Mammoth Cave National Park in Cave City, Kentucky

Mammoth Cave National Park is located in Cave City, Kentucky, and is the longest known cave in the world. The official name of Mammoth Park is the Mammoth-Flint National Cave System, named for the ridge under which the cave is formed. Mammoth Cave was established as a national park on July 1st, 1941 and on October 27th, 1981, it was listed as a World Heritage Site. The park was listed as an international Biosphere Region on September 26th, 1990.

Mammoth Cave National Park consists of 52,830 acres in Edmondson County, Kentucky with smaller areas extending east into Hart and Barren Counties. The park is centered on the Green River, with a tributary, the Nolin River which feeds the Green River just inside the park. The Green River is damned up near the west border of the park, and because of this, only a small section of the river flows freely in the park.

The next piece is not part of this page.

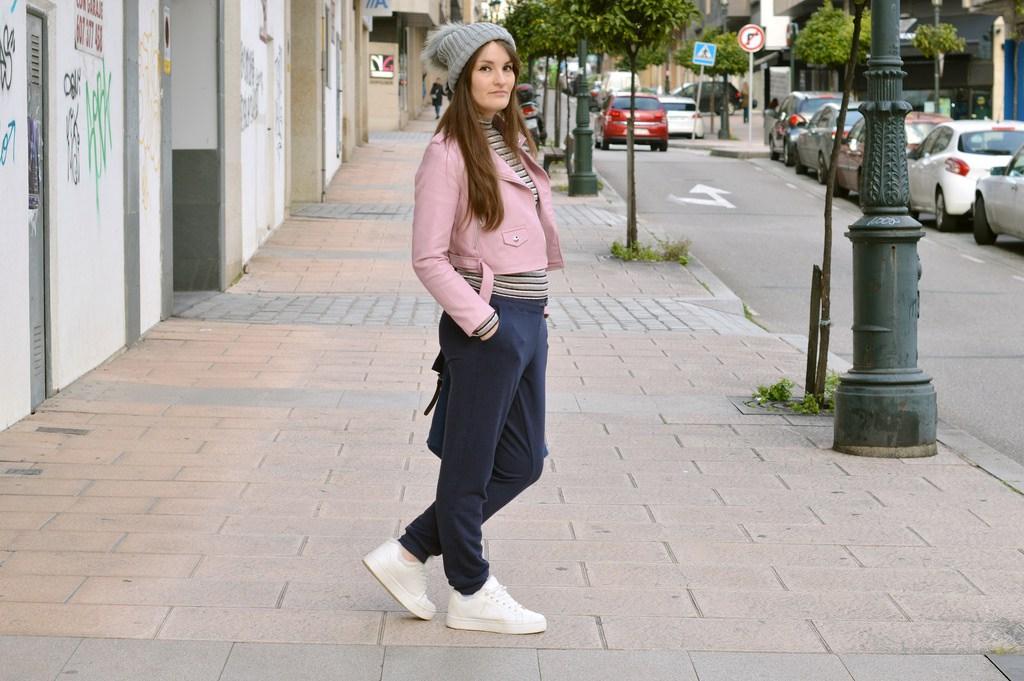 Outfit-blue-joggers-luz-tiene-un-blog (3)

The cave is composed of Mississippian-aged limestone strata, which are capped off by a layer of sandstone. The cave has more than 360 miles of passageways, and every year new discoveries and several miles increase the length. The upper sandstone layer is known as the Big Clifty Sandstone, which are thin, interspersed layers containing sandstone and tiny conduits, too small to enter. The Main Cave on the lower level is located at the bottom of the Girkin Formation and the St. Genevieve Layer.

Each layer of limestone is divided into further named units and subunits. The older, upper passageways of the cave are dry and have no stalagmites or stalactites, which are formations made by dripping water. The contact between the limestone and sandstone can be witnessed by hiking through the valley up to the ridge tops. Cedar Sink is a large sinkhole at the bottom of a valley in the south region of the park, the sinkhole features a small river on one side and a disappearing bank on the other side.

The Mammoth Cave National Park is overseen by the National Park System, and offers many services to guests. Some of the most famous features of the cave such as Grand Avenue, Frozen Niagara and Fat Mans Misery, can be visited by lighted guided tours that last from one to six hours in duration. The park also offers two tours which are lighted only by guests carrying paraffin-lit torches. There are also tours offered that venture away from typical areas, and offer guests the chance to explore through muddy crawl spaces and dusty trails in undeveloped areas of the cave system.

Mammoth Cave National Park tours are unique in that each one is part of an interpretive program, and has graphics and artifacts on display throughout the cave. Many of the tour guides include a theatrical component, which provides entertaining presentations for visitors. Mammoth Cave contains an underground labyrinth of caves, and beautiful rolling hills and valleys above ground, visitors can enjoy hiking, picnicking, horseback riding, camping and many more activities. The park and cave system welcomes an estimated 500,000 people annually who flock to enjoy all it has to offer.